## Trying OpenCV
OpenCV (Open Source Computer Vision Library) is an open source computer vision and machine learning software library.<br/>
Being a BSD-licensed product, OpenCV makes it easy for businesses to utilize and modify the code.

The library has more than 2,500 optimized algorithms, which includes a comprehensive set of both classic and state-of-the-art computer vision and machine learning algorithms.
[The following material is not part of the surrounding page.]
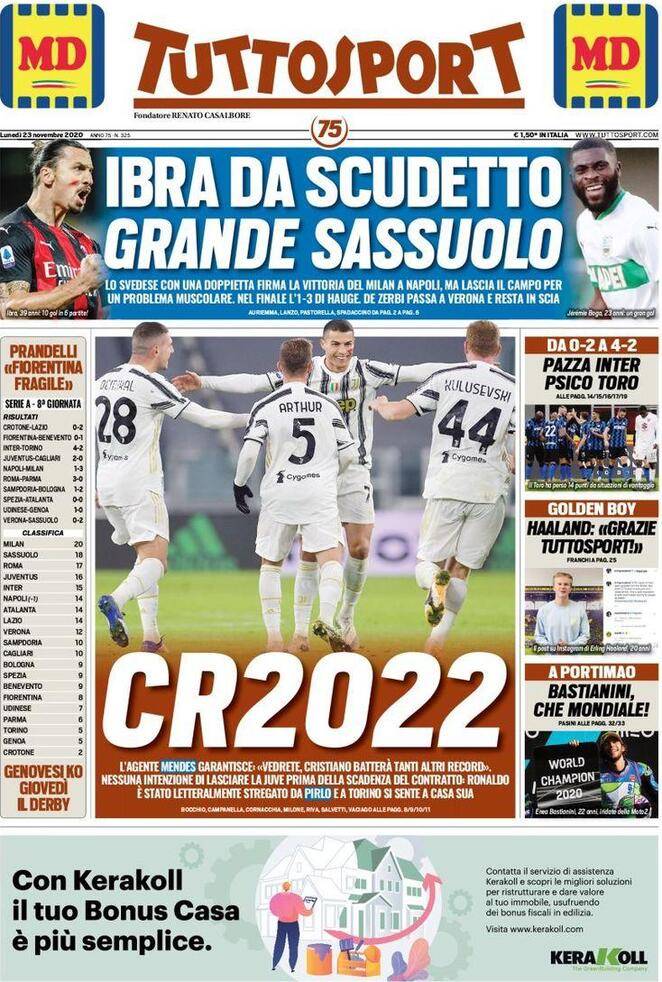 Tuttosport, prima pagina 23 novembre 2020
These algorithms can be used to detect and recognize faces, identify objects, classify human actions in videos, track camera movements, track moving objects, extract 3D models of objects, produce 3D point clouds from stereo cameras, stitch images together to produce a high resolution image of an entire scene, find similar images from an image database, remove red eyes from images taken using flash, follow eye movements, recognize scenery and establish markers to overlay it with augmented reality, etc.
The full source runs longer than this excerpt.